The author acknowledges the contributions of the students, faculty and sponsors of the Berkeley Wireless Research Center. Most of the sensitivity-based optimization has been done by Dejan Markovic, Vladimir Stojanovic, and Radu Zlatanovici, in collaboration with Mark Horowitz and Bob Brodersen.

#### REFERENCES

- R.H. Dennard, F.H. Gaensslen, V.L. Rideout, E. Bassous, A.R. LeBlanc, "Design of ion-implanted MOSFET's with very small physical dimensions," *IEEE Journal of Solid-State Circuits*, vol. SC-9, no. 5, pp. 256-268, October 1974.
- [2] S. Borkar, "Design challenges of technology scaling," *IEEE Micro*, vol.19, no.4, pp. 23-29, July-Aug. 1999.
- [3] P.P. Gelsinger, "Microprocessors for the new millennium: Challenges, opportunities and the new frontiers," *International Solid-State Circuits Conf, Digest of Technical Papers, ISSCC 2001*, San Francisco, February 5-7, 2001, pp. 22-25
- [4] R. Gonzalez, B. Gordon, M.A. Horowitz, "Supply and Threshold Voltage Scaling for Low Power CMOS," *IEEE J. Solid-State Circuits*, vol. 32, no. 8, pp. 1210-1216, Aug. 1997.

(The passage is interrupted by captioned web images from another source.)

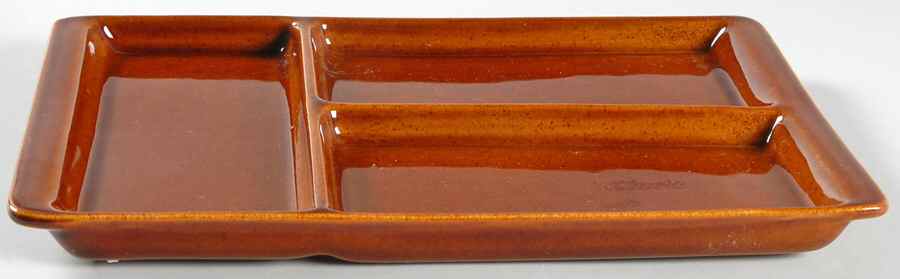 Compatibles Butterscotch 3-Part Relish by Pfaltzgraff-1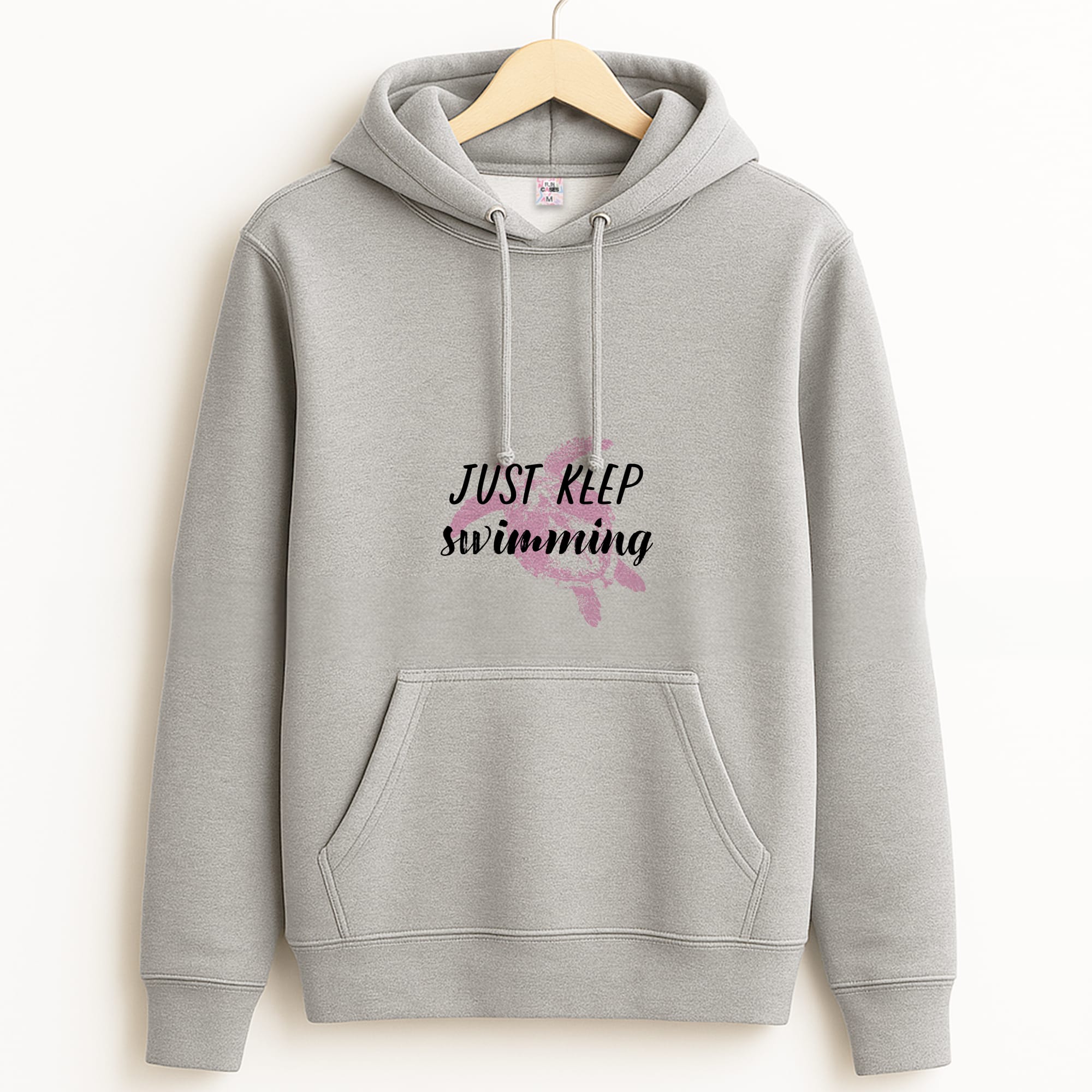 Just Keep Swimming - Summer Grey Hoodie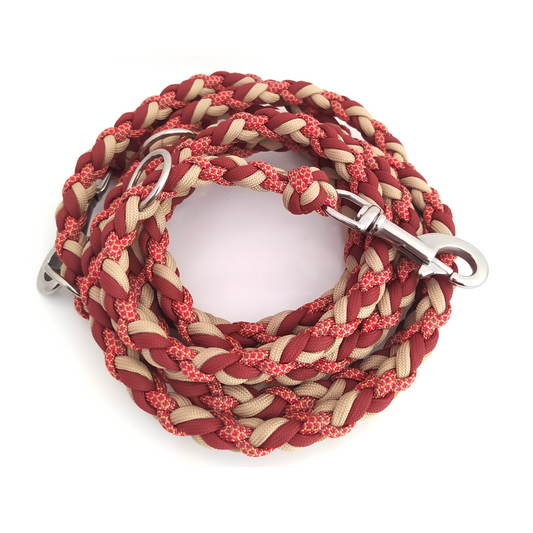 Paracord Leine - Crossover - Farben: Royal Throne, Sand, Crimson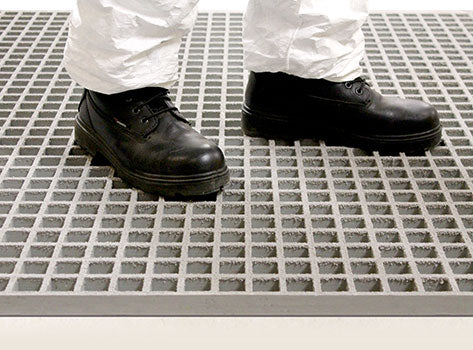 Heavy Duty Step Over Anti Slip Platform for Pipe & Cables – Durable GRP Grating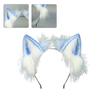 Women Hair Hoop Anime Maid Cosplay Headband Lace Flower Headwear Hair Accessory Ribbon Bow Hairband for Girls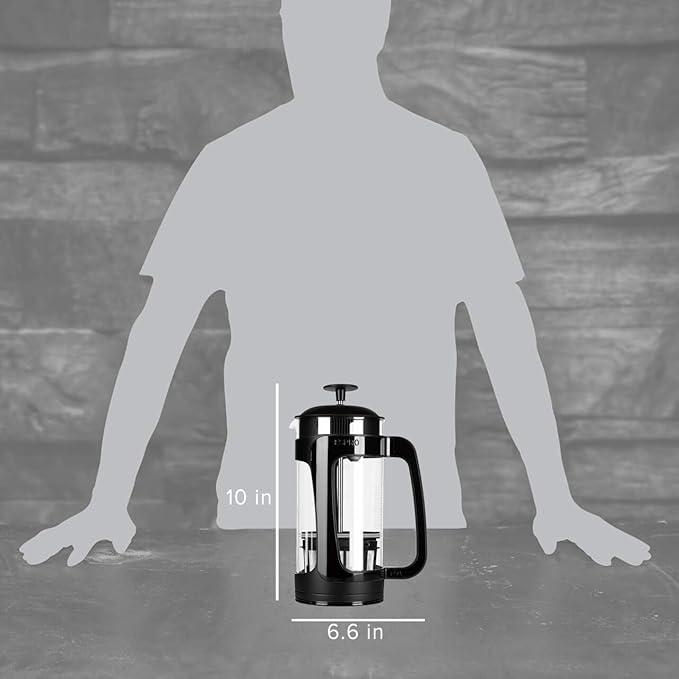 ESPRO - P3 French Press Coffee Maker – Patented Double Microfilter for Sludge and Grit Free Coffee, Black, 32 oz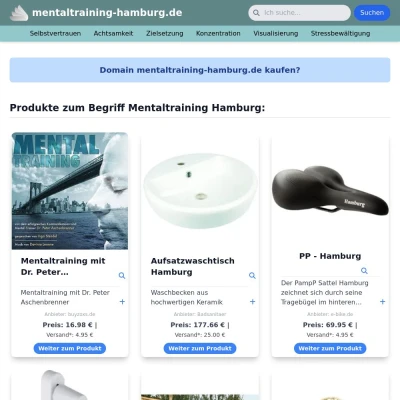 Screenshot mentaltraining-hamburg.de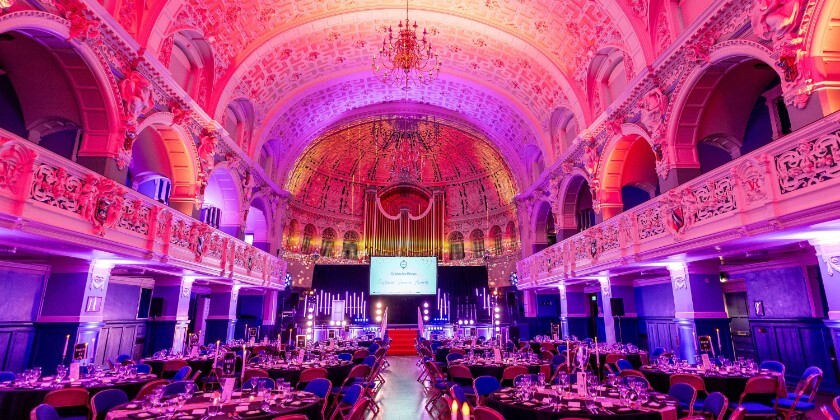 Guides for Brides awards ceremony set up at the Oxford Town Hall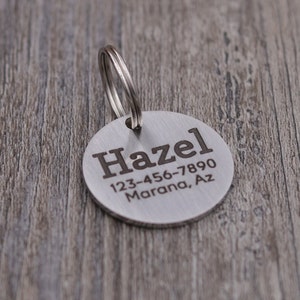 Personalized Pet Tag, Pet dog tag, Cat tag, dog ID Tag, pet dog ID tag, Handstamped dog ID Tag, Cat id tag, dog tag for dogs, Silver Dog Tag
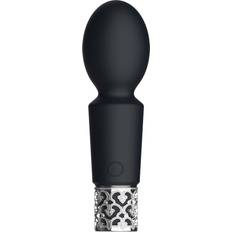 Seksspeeltjes Shots Toys Royal Gems Brilliant Mini Wand Vibrator Zwart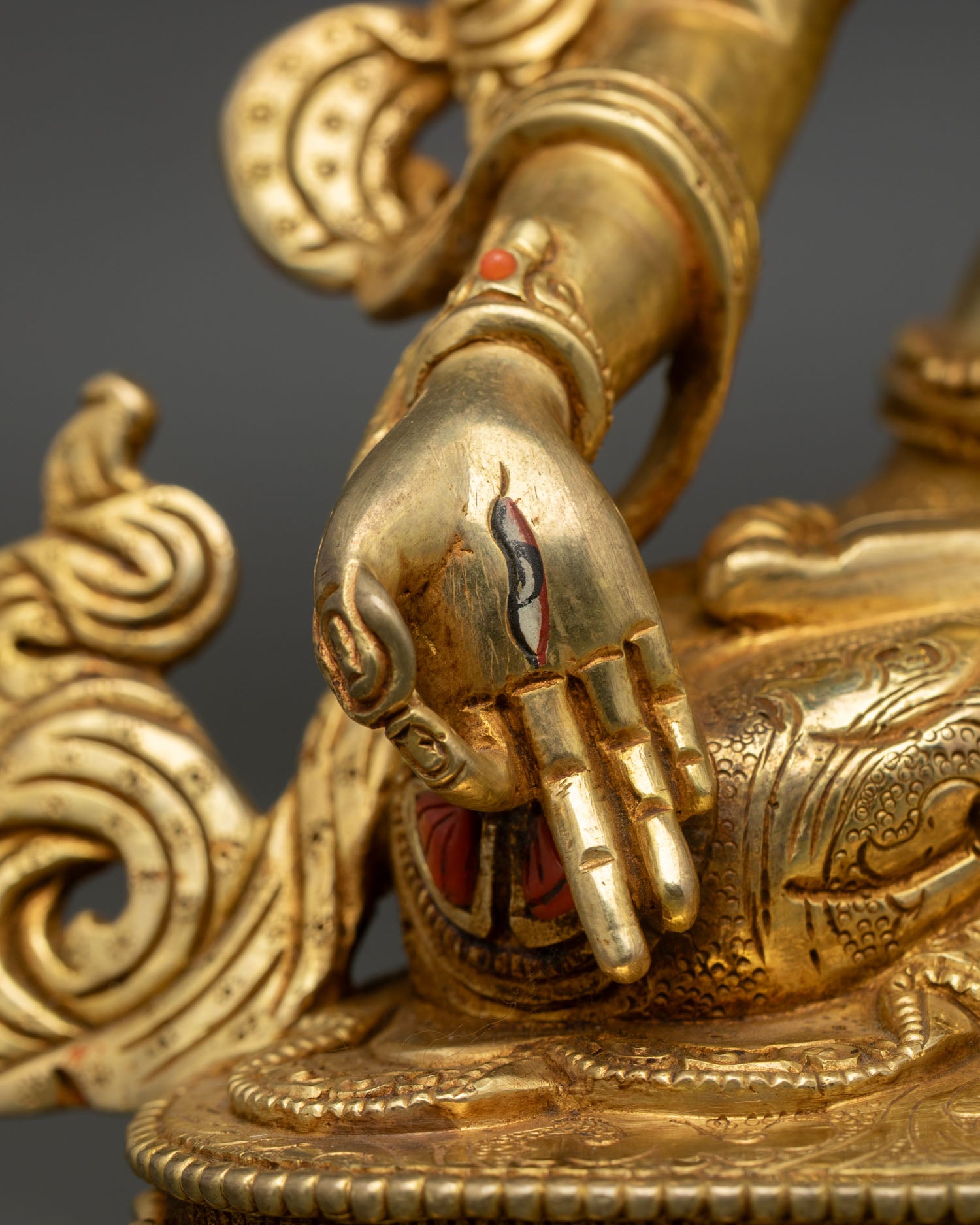 Beautiful White Tara Statue | Sacred Nepalese Meditation Deity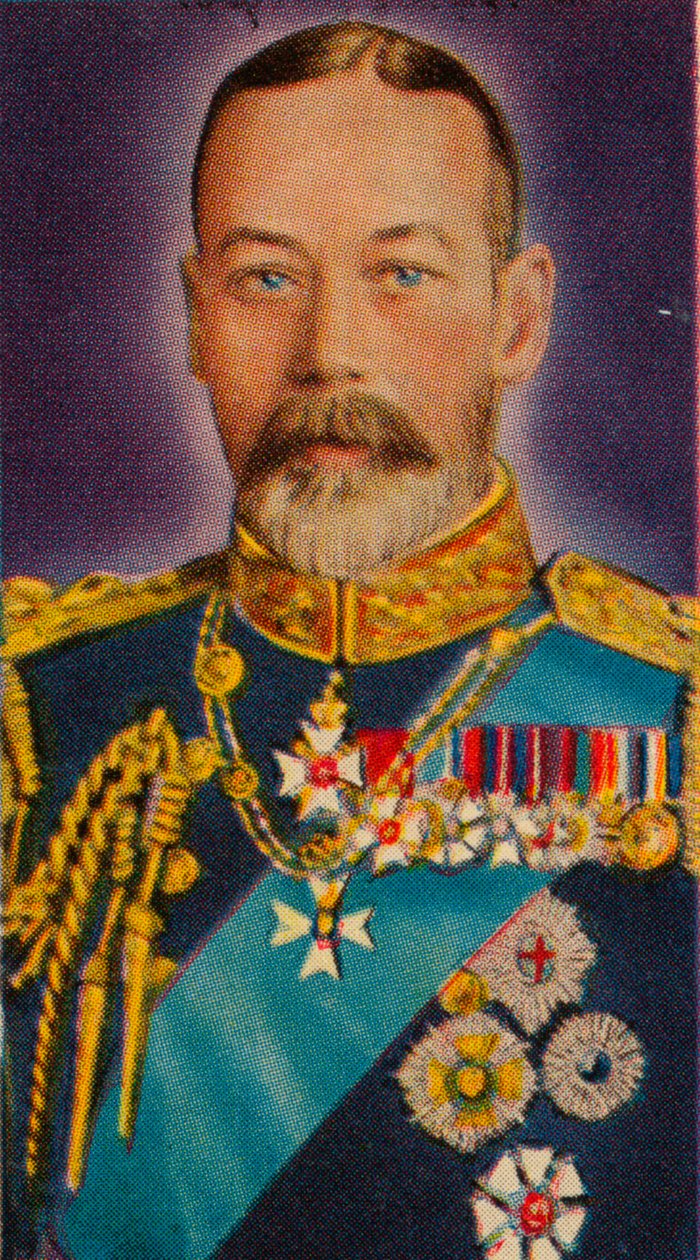 Rei George V no uniforme do Almirante da Frota, 1935 de Unbekannt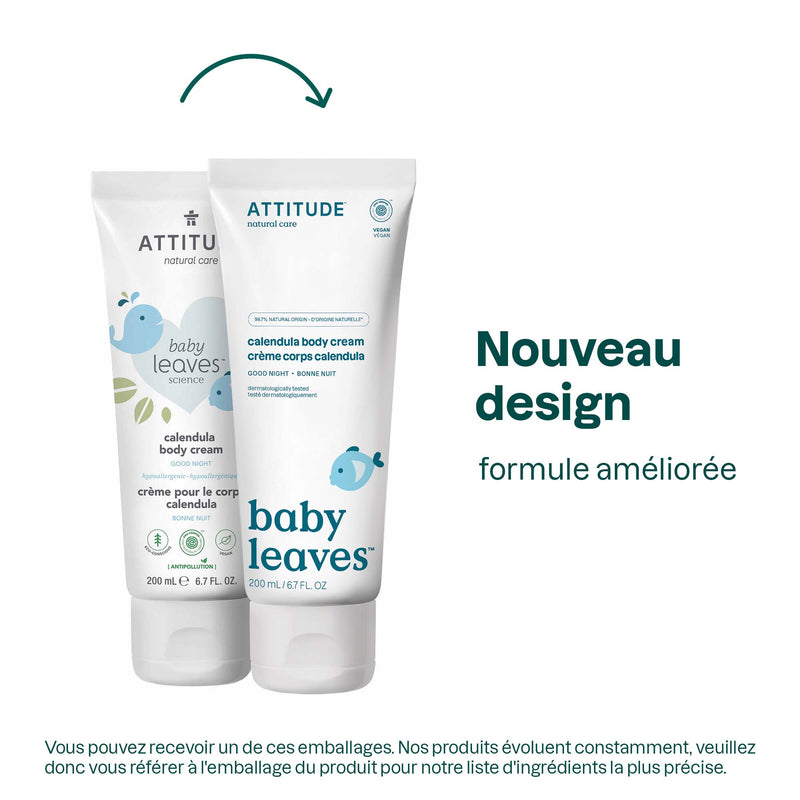 ATTITUDE baby leaves™ crème corps calendula bébé 16713_fr? Bonne nuit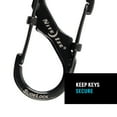 thumbnail image 5 of Nite Ize S-Biner SlideLock Stainless Steel - Secure Key Holder Carabiner with SlideLocks - Key & Keychain Organizer - Lockable Carabiner for Daily Use - Size 2, Black (5 Pack), 5 of 8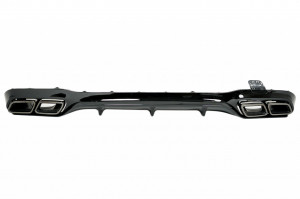 Difuzor Bara Spate cu Ornamente Toba Negre compatibil cu Mercedes E-Class W213 Sport Line 2016-2019 E63 Design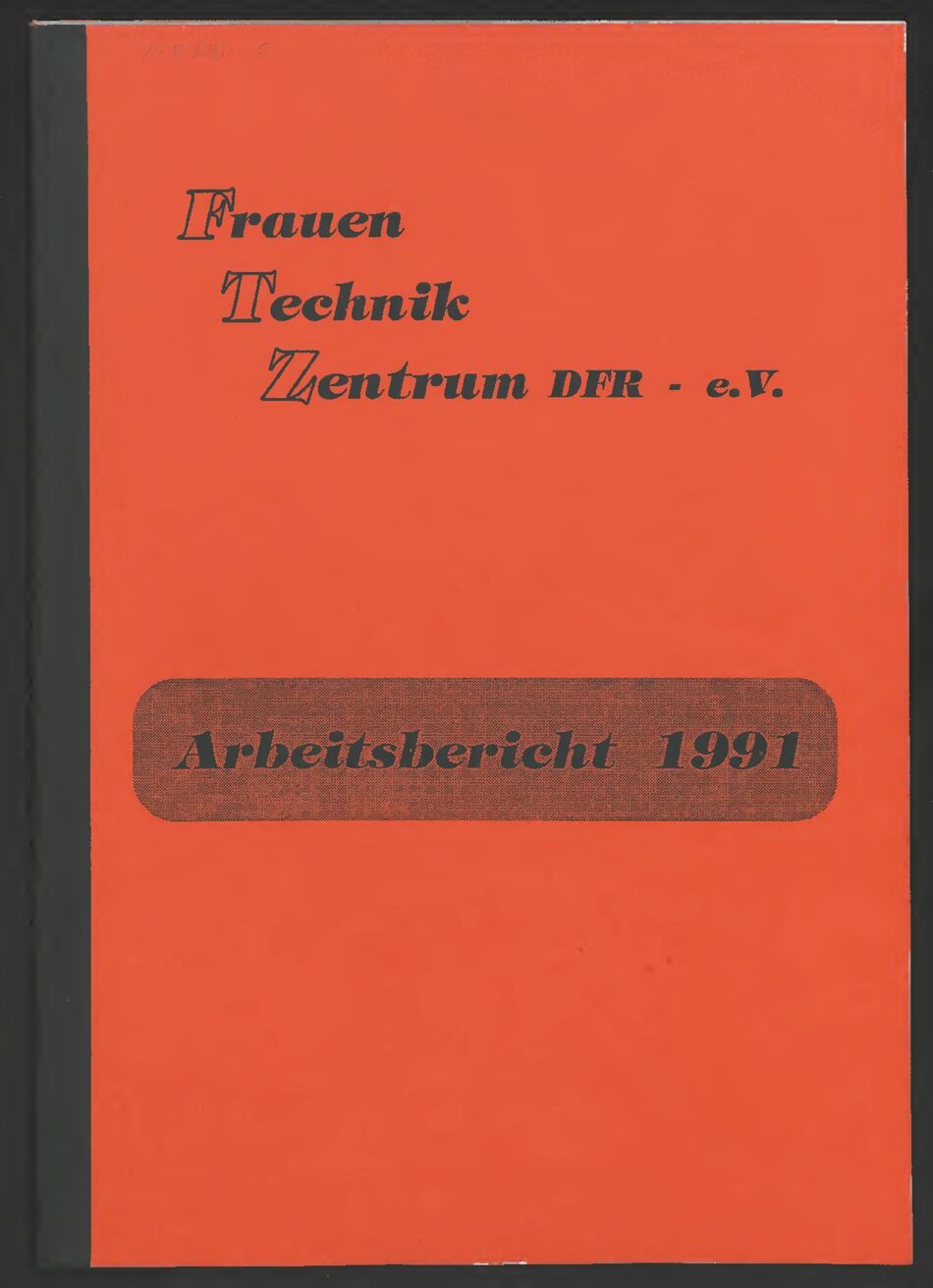 Arbeitsbericht des FrauenTechnikZentrum Hamburg / Seite 1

- [5] K. Nose and T. Sakurai, "Optimization of V<sub>DD</sub> and V<sub>TH</sub> for Low-Power and High-Speed Applications," in *Proc. Asia South Pacific Design Automation Conf.*, Jan. 2000, pp. 469-474.
- [6] International Technology Roadmap for Semiconductors, 2006 data, available at http://public.itrs.net
- [7] V. Zyuban, et al, "Integrated analysis of power and performance for pipelined microprocessors," *IEEE Transactions on Computers*, vol. 53, no. 8, pp. 1004 – 1016, Aug. 2004.
- [8] D. Marković, V. Stojanović, B. Nikolić, M.A. Horowitz, R.W. Brodersen, "Methods for True Energy-Performance Optimization," *IEEE Journal of Solid-State Circuits*, vol. 39, no. 8, pp. 1282-1293, August 2004.
- [9] A.P. Chandrakasan, R.W. Brodersen, "Minimizing power consumption in digital CMOS circuits," *Proceedings of the IEEE*, vol. 83 no. 4, pp. 498 – 523, April 1995.